Memoria
The series Memoria considers loss and the potential of renewal in the acts of ritual, repetition, and reiteration, both in imagery and in the creative process. From my photographic documentation of the aftermath of the CZU Lightning Complex fire (August 2020) and its changing domestic and natural landscape, I created various kinds of printmaking matrices of large digital negatives, polymer plates and natural debris. What is loss? What is forever lost? Can loss be generative? With these new matrices of brick chimney, forest, tree rings, leaves, and ash, I exposed cyanotype prints in the sun. Each unique blueprint integrates repeated imagery and experimentation, and informs the creation of subsequent prints. The variables of time, sun exposure, layering, and often recoating and re-exposing the same print speak to the topical and to the archeological. Placed together in conversation, the prints offer a unique topography of layered experience, an imagined forest, a tapestry of loss and remembrance that invites us to consider the ever-shifting relationship among the natural and the human world, and our presence and meaning within.
Dwelling in Possibility
Having been a black and white photographer for most of my artistic life, I take a new direction in this series, Dwelling in Possibility. At first, the images seemed celebrative, even humorous, contrasting sharply with the last seven years, which I dedicated to documenting my aging parents and nostalgic interiors. Color offered me a fresh, even emotive path to explore, and I photographed remote forests and deep waters with abandon. As the series developed, I realized these meditative landscapes mirrored my own internal narratives of wonder and melancholy, renewal and fragility.
Relinquish
These photographs document the home where my aged parents resided for over forty years and explore their hermetic lives within. Through my lens, I came to understand how my how my parents and I, gracefully and lovingly, were letting go of each other -- relinquishing each other to the natural cycle of life.

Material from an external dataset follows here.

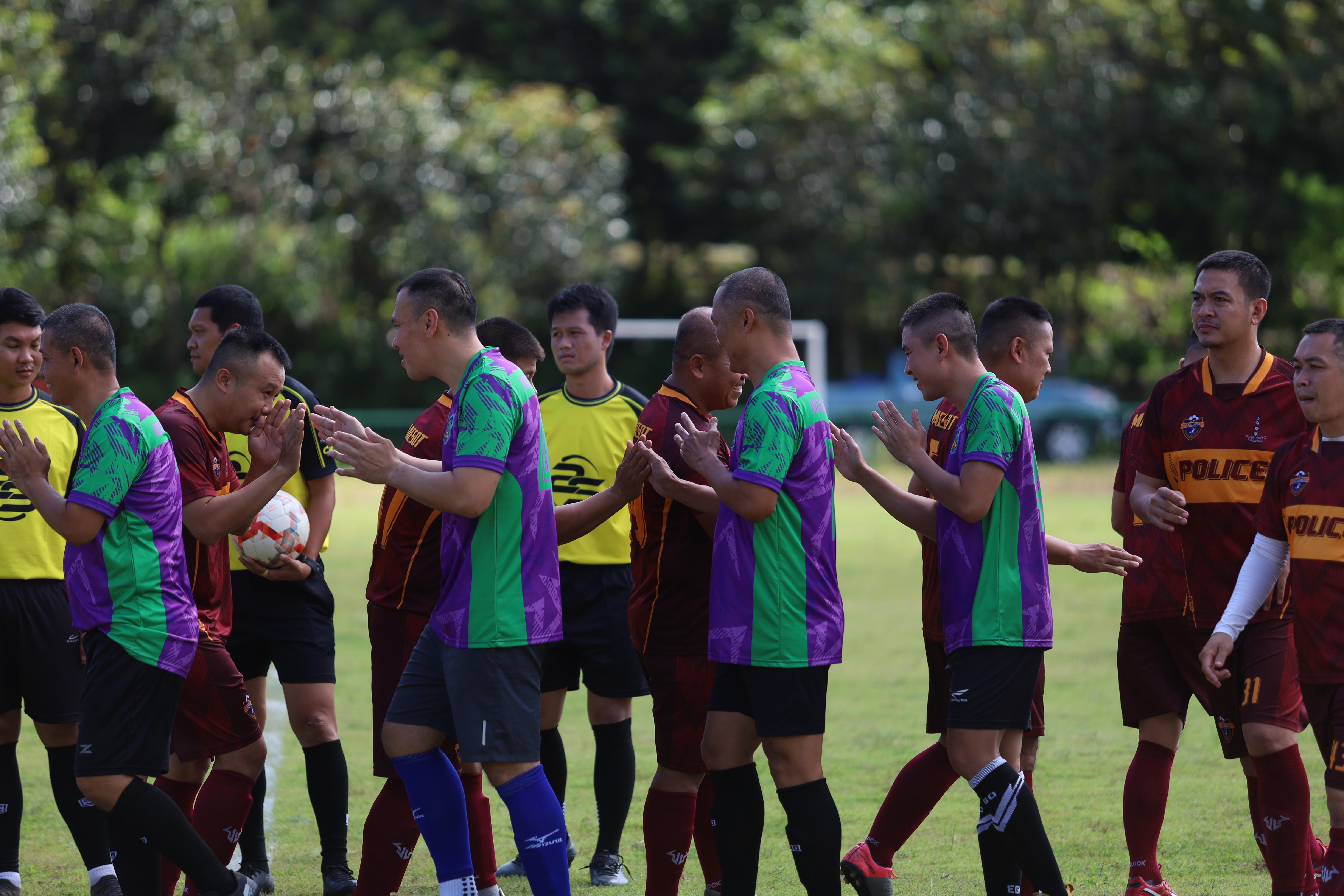 24. การแข่งขันฟุตบอล11คนหน่วยงานคู่ที่1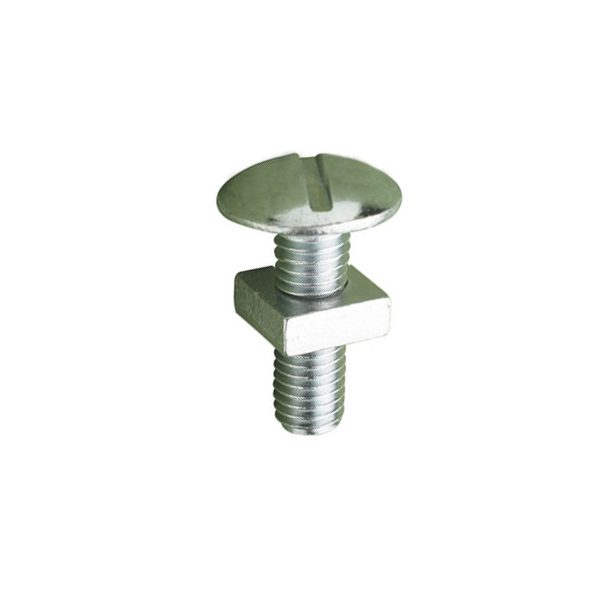 پیچ و مهره آلومینیوم نمره 1/4 سایز 16 میلیمتر بسته 45 عدد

To relinquish them is to remember them anew.
Compass
This series of Polaroid emulsion lifts explores the landscape below the Dumbarton bridge, which crosses the San Francisco Bay and salt beds near the shores. It is a world of merging elements: land and water, salt and sand, solitude and the busy hum of the traffic above.
Polaroid emulsion lift images are one of a kind; due to the process, each image is unique. The process of making these images begins with a slide from which a Polaroid photograph is made. Within water, the emulsion separates from the Polaroid image and then placed on 100% rag watercolor paper, which gives it an undulating, membrane-like quality.